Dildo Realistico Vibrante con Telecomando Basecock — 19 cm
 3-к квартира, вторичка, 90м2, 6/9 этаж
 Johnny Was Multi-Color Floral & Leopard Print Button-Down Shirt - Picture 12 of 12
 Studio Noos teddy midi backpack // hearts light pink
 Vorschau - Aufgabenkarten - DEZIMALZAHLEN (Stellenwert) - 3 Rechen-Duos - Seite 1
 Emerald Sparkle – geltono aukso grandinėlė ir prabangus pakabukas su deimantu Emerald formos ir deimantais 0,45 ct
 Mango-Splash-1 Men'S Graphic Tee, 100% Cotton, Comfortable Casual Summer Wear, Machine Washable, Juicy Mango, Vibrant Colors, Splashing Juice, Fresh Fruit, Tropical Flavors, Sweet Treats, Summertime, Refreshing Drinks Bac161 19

* WHAT TO DO *
In the listing above, find the line containing "Vorschau - Aufgabenkarten" and please quote exactly that line through the last one, and no other lines.

* EXERCISE RESPONSE *
 Vorschau - Aufgabenkarten - DEZIMALZAHLEN (Stellenwert) - 3 Rechen-Duos - Seite 1
 Emerald Sparkle – geltono aukso grandinėlė ir prabangus pakabukas su deimantu Emerald formos ir deimantais 0,45 ct
 Mango-Splash-1 Men'S Graphic Tee, 100% Cotton, Comfortable Casual Summer Wear, Machine Washable, Juicy Mango, Vibrant Colors, Splashing Juice, Fresh Fruit, Tropical Flavors, Sweet Treats, Summertime, Refreshing Drinks Bac161 19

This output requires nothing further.